Tuesday, January 16, 2007
Frozen lights in the sky
London, Ontario, January 2007 [Click all images to embiggen]
I was up early Monday morning finishing off some writing for work. I often do this when I have early morning deadlines: I wake up early, around 4-ish, boot up the laptop and hammer out as much prose as possible before the kids bring the house to life around 7.
This time, as I tapped out text from the warmth of the living room couch, I could hear the incessant light patter of freezing rain gradually coating the windows of our house. I tried to ignore the growing weather-based threat, but the prospect of leaving the house after breakfast and de-icing our not-so-mini minivan made this Monday seem more morose than most. I cranked up iTunes and focused on my writing.
The clock hit 7. A certain six-year-old bounced out of bed and meandered down the stairs. My writing was done. The day had begun.
We got out of the house early because you never want to be rushing when it's icy outside. As I first stood on our porch and took the scene in, I thought this would make for some nice pictures.

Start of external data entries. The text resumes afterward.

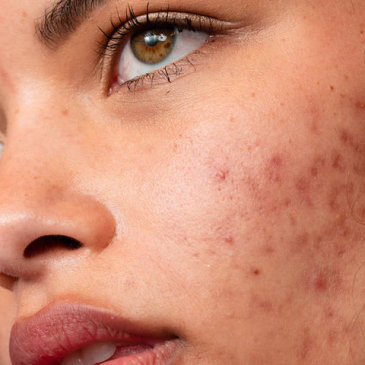 acne and breakouts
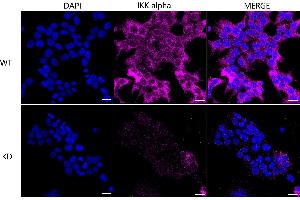 Immunocytochemical staining of HeLa cells using IKK alpha antibody (ABIN7798147), 1:1,000), Top panel: wild-type (WT), Bottom panal: IKK alpha shRNA knockdown (KD). (Rekombinanter IKK alpha Antikörper)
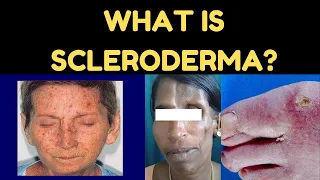 SYSTEMIC SCLEROSIS (SCLERODERMA) - What is Scleroderma? I Signs and symptoms of Scleroderma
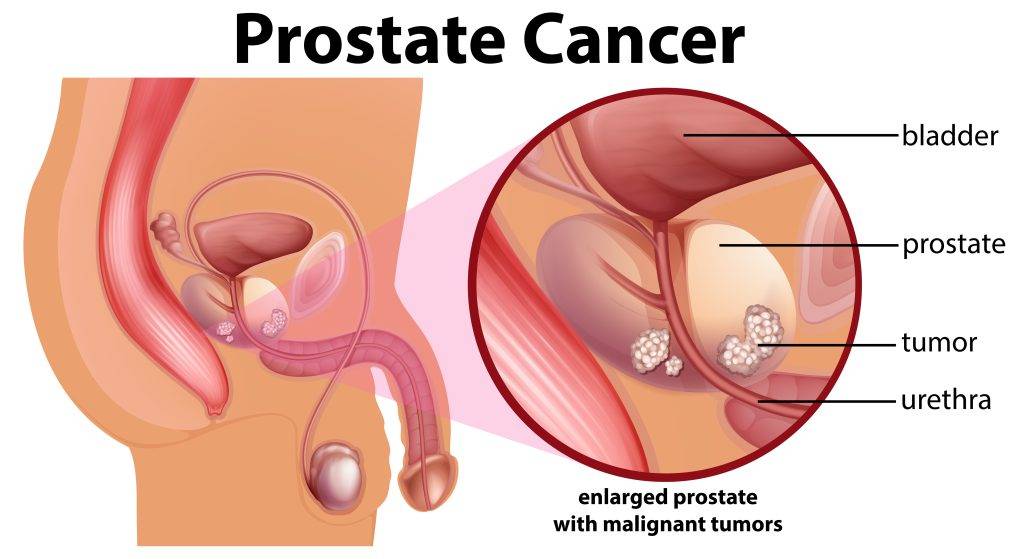 Diagram,Of,Prostate,Cancer,Illustration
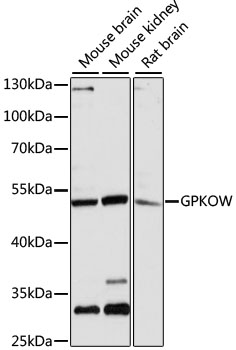 GPKOW Antibody - Western blot analysis of extracts of various cell lines, using GPKOW antibody at 1:3000 dilution. The secondary antibody used was an HRP Goat Anti-Rabbit IgG (H+L) at 1:10000 dilution. Lysates were loaded 25ug per lane and 3% nonfat dry milk in TBST was used for blocking. An ECL Kit was used for detection and the exposure time was 5s.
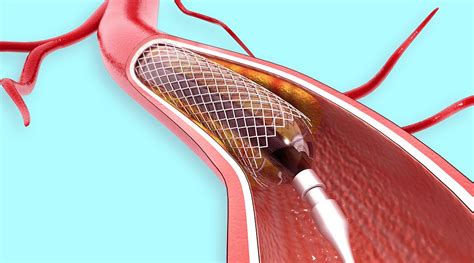 O Que é A Angioplastia Coronária Cardio 365º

But using the camera in the rain didn't seem like such a great idea. Oh yes, I also had no time...had to de-ice the wondervan. Pictures would have to wait.
As you can see, they didn't wait long. Just before dinnertime, I went outside with my tripod-mounted camera and carefully composed a bunch of low-light, long-exposure images. Obliquely lit tree branches almost seem to come alive when they're coated with ice. For the second image in this sequence, I'll leave it to your imagination to concoct what it may or may not be.
After 37 minutes of wandering around our front lawn taking pictures in the damp cold, I turned to face the house and saw a little girl waiting for me to come back inside. I grabbed a quick image of her lovely little face in the window before I headed in for supper. Warmth just on the other side of the window. Such a world I live in.
Your turn: I believe that cameras can be used to tell stories - even small vignettes of family life. Are you using yours to tell stories in your own life?